What to do: Lines before the one containing "WINPOWER 1263004-11 |" are not copied; that line and every one after it, through the end of the material below, are printed exactly, without pictures.

··· Dataset extract

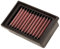 K&N Filtro Aria di ricambio compatibile con BMW F650 2001-2005, G650 XChallengerenge/XMoto/XCountry 2007-2011 (BM-6507)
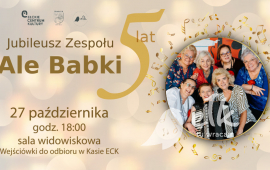 Koncert Jubileuszowy 5-lecia zespołu Ale Babki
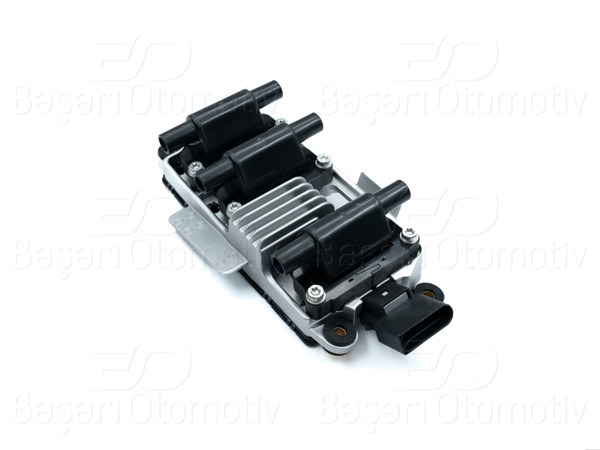 WINPOWER 1263004-11 | Ateşleme Bobini Audi A4 A6 Quattro 2.4 2.8 01-05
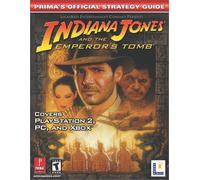 Indiana Jones and the Emperor's Tomb: Prima's Official Strategy Guide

······

Output for this exercise:
 WINPOWER 1263004-11 | Ateşleme Bobini Audi A4 A6 Quattro 2.4 2.8 01-05
 Indiana Jones and the Emperor's Tomb: Prima's Official Strategy Guide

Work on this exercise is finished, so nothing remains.